However, the number of possible configurations of 1,000 bits is 1.07 * 10^301, more than ten times the square of the 10^150 states the 10^80 atoms of our observed universe would take up across a reasonable estimate of its lifespan. So, viewing our observed universe as a search device, it would scan less than 1 in 10^150th part of even so “small” a configuration space. That is, it would not carry out a credible “search” for islands of function, making such islands sufficiently isolated to be beyond the reasonable reach of a blind search.
We can view a ribosome as a degenerate case of [[a Drexler] assembler [[i.e. a molecular scale von Neumann-style replicator]. The ribosome is present in essentially all living systems . . . It is programmable, in the sense that it reads input from a strand of messenger RNA (mRNA) which encodes the protein to be built. Its “positional device” can grasp and hold an amino acid in a fixed position (more accurately, the mRNA in the ribosome selects a specific transfer RNA, which in its turn was bound to a specific amino acid by a specific enzyme). The one operation available in the “well defined set of chemical reactions” is the ability to make a peptide bond [[NB: This works by successively “nudging” the amino acid-armed tip of the codon- matched tRNA in the ribosome’s A site to couple to the amino acid tip of the preceding tRNA (now in the P site) and ratcheting the mRNA forward; thus elongating the protein’s amino acid chain step by step] . . . .

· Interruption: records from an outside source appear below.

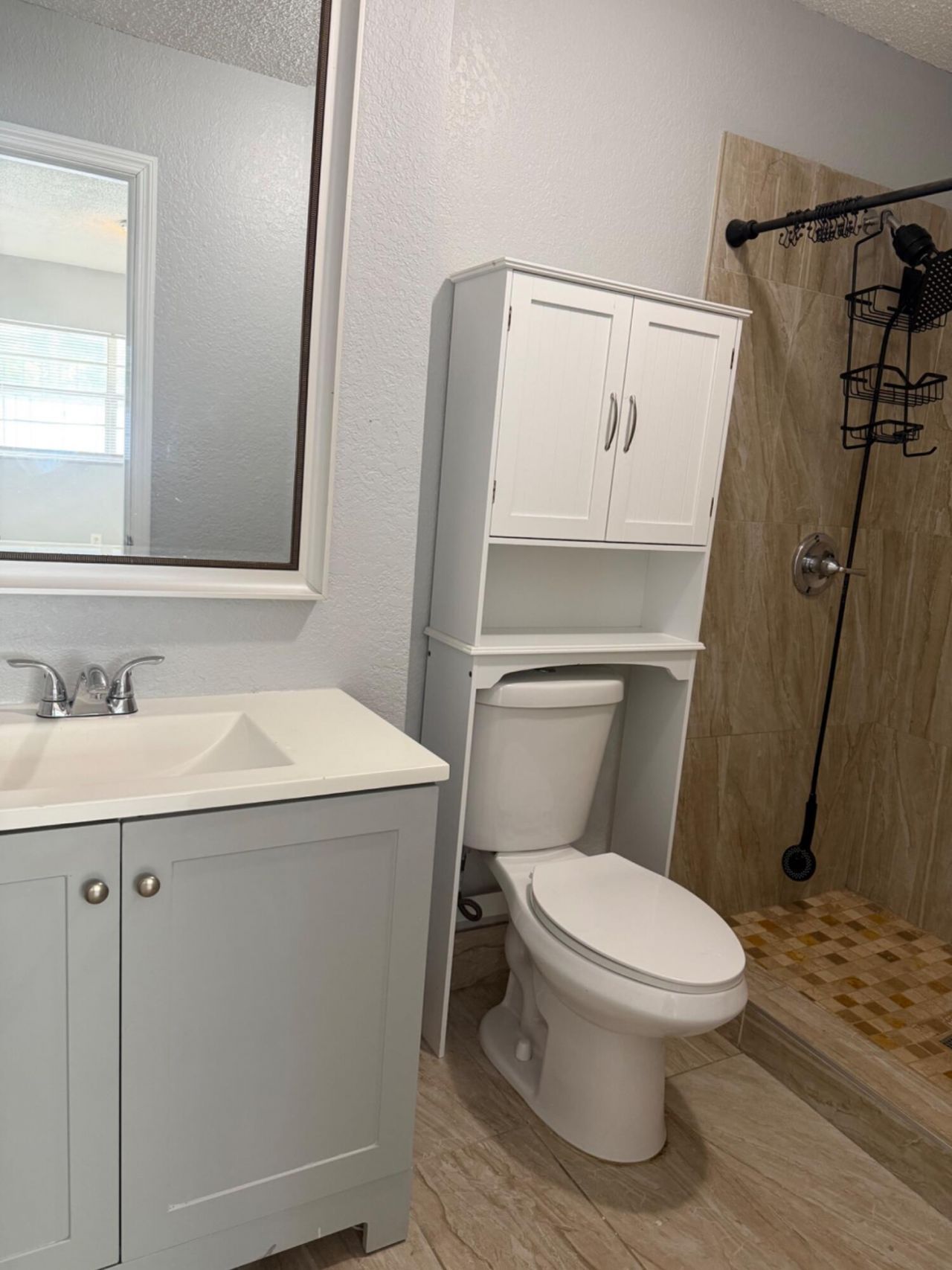 21312 NW 40th Circle Court, Unit 21312, Miami Gardens, FL 33055 Photo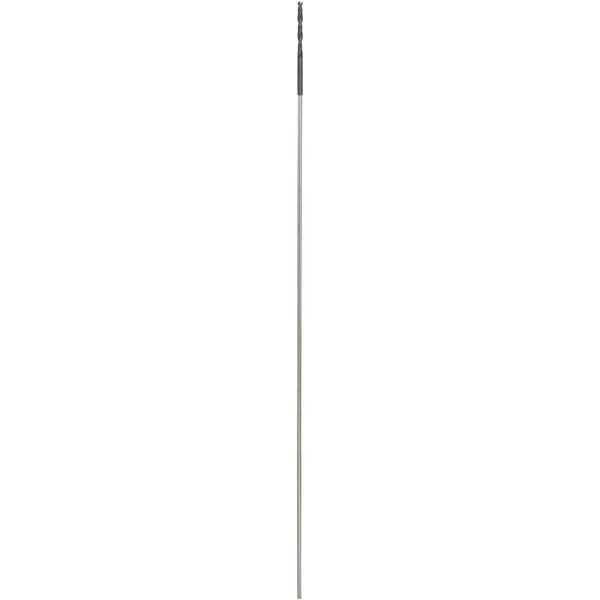 Bosch - Bohrer PRO Wood HSS 2608597173 Installationsbohrer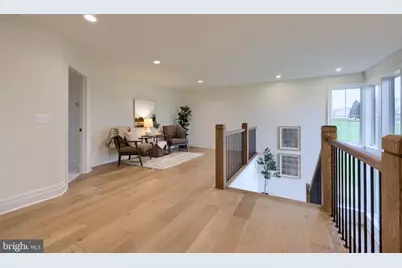 72 Bomberger Road, Lititz, PA 17543 - Photo 105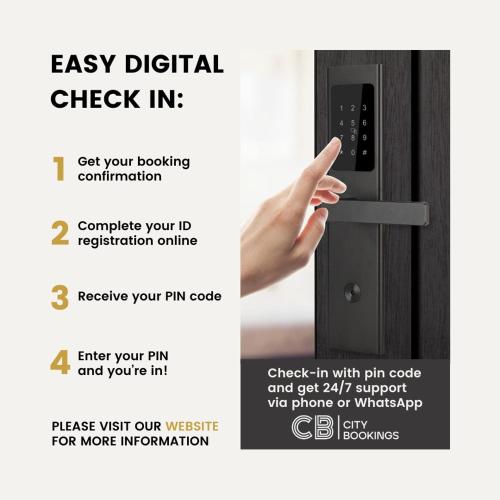 Piccolo Mondo By Citybookings,Bucure?Ti - Ilfov>>Bucharest,3 star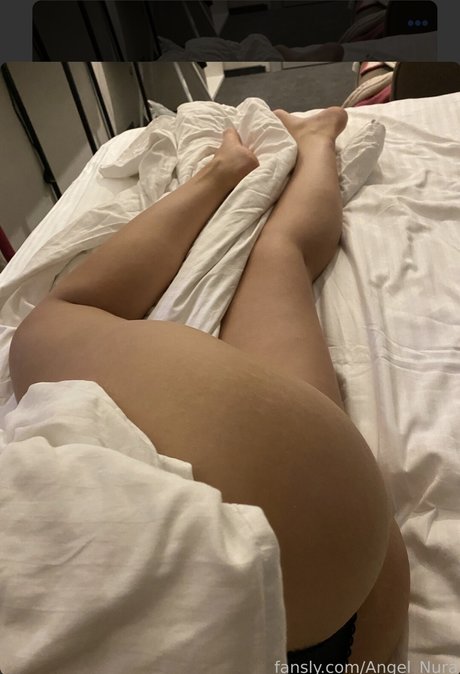 Angel_Nura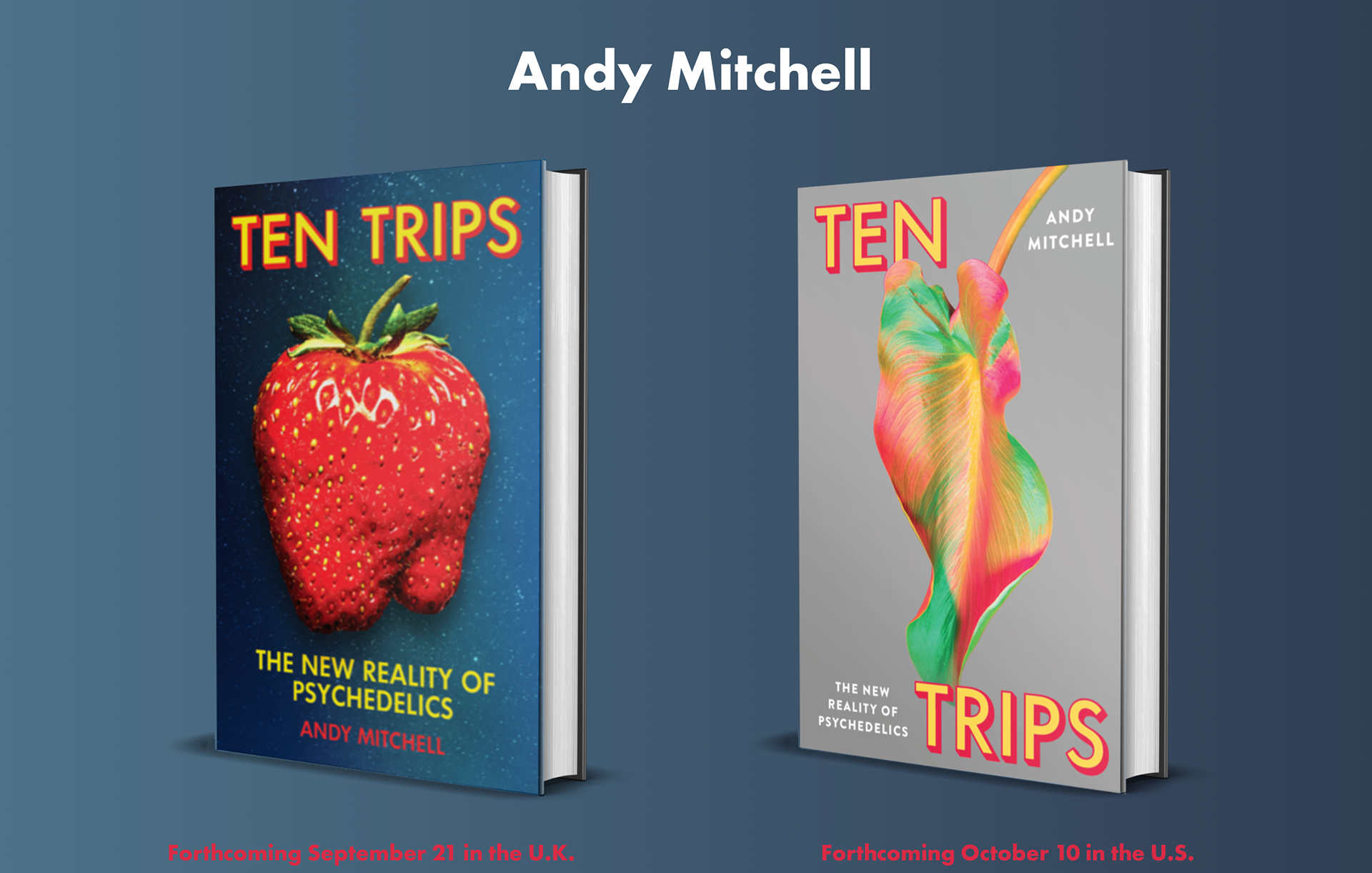 andymitchell.org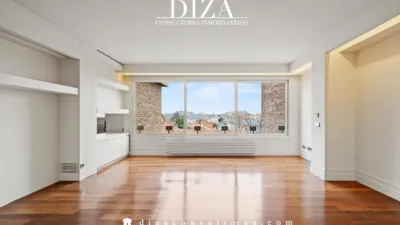 Piso en alquiler en Calle de Jerez - Imagen 3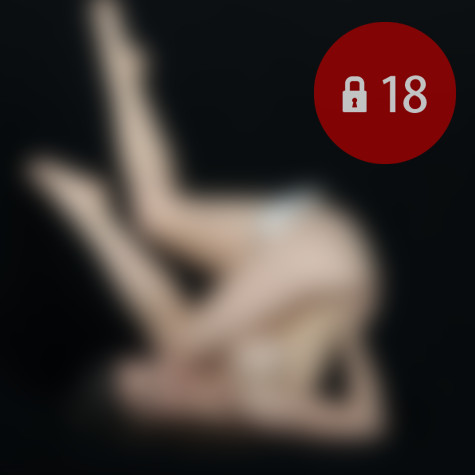 Zur FSK18-Freischaltung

[[T]he ribosome functions correctly only in a specific kind of environment. There must be energy provided in the form of ATP; there must be information provided in the form of strands of mRNA; there must be compounds such as amino acids; etc. etc. If the ribosome is removed from this environment it ceases to function.[[Self Replicating Systems and Molecular Manufacturing, Xerox PARC, 1992. (Parentheses, emphases and links added. Notice as well how the concept of functionally specific complex information naturally emerges from Merkle’s discussion.)]
That is: in living cells DNA strands of typically 100,000 to 4,000,000,000 four-state elements provide a “tape” that is transcribed and read in segments as required, by molecular machines in the cell and is also used to carry out metabolic activity: creating and organising the proteins and other molecules of life, which carry out its functions.
And the configuration space specified by just 100,000 four-state elements has 9.98 * 10^60,205 possible states. (Also, the whole observed universe, across its thermodynamically credible lifespan can only have about 10^150 atomic level, Planck-time states. )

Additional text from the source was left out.